En razón con la obligación de reparación, el avance a un posconflicto incluyente, sin duda alguna, debe recoger los testimonios individuales de víctimas de la guerra. La maraña de subjetividades que esta catarsis conlleva acompleja el objetivo de socialización y sensibilización de la Nación. Ya bien lo dijo Gandhi cuando afirmó que no existe ruta específica para la paz: 'La paz es el camino', y estos caminos, si bien cargan los lastres de la guerra, deben resignificar el ejercicio de la memoria como situación social colectiva. Empero, los esfuerzos en performance culturales como la poesía, el canto, el teatro y demás expresiones que son, por experiencia, el gancho entre memoria individual y memoria colectiva, movilizan los procesos de sanación siempre grupales en el enfoque de transformación y acción social hacia nuevos espacios de reconciliación.
Colombia demanda desde sus dolencias el reconocimiento de la memoria histórica como patrimonio nacional. Reconocer las víctimas como sujetos pactantes, más que pactados, recae en las tensiones narrativas entre la recopilación de los hechos fácticos y la divulgación de principios de convivencia. La escritura de una nueva historia no se hace solo en los libros, se hace mediante la memoria como acto político reflexivo de los sucesos que motivan necesarias transformaciones de fondo en la manera que nos relacionamos.

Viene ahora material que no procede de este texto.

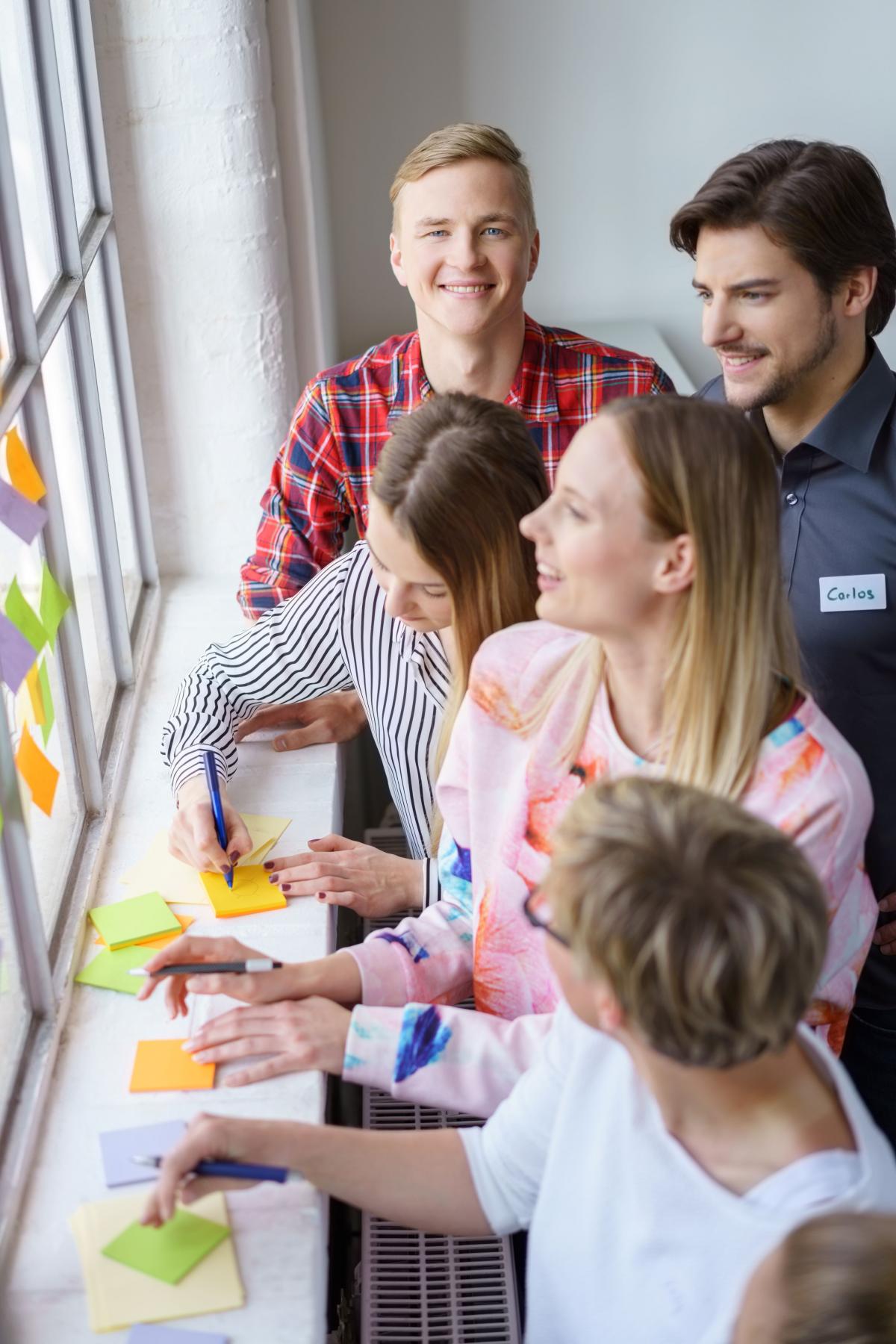 Group of adults with post it notes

Así muestra la experiencia latinoamericana que la utilización de espacios públicos es el medio por excelencia de fomentar eso que llamamos memoria colectiva, o aquel trabajo-que no termina- de lucha y reivindicación de una identidad orientada a la reconstrucción del tejido social. Reconocer la memoria como patrimonio nacional, es pensar que los relatos victimizantes no son pronunciados en soledad: son intervenciones públicas, y como tal, desprivatizar la memoria contribuye a un escenario de representación colectiva que nos permita dar un paso adelante hacia la paz.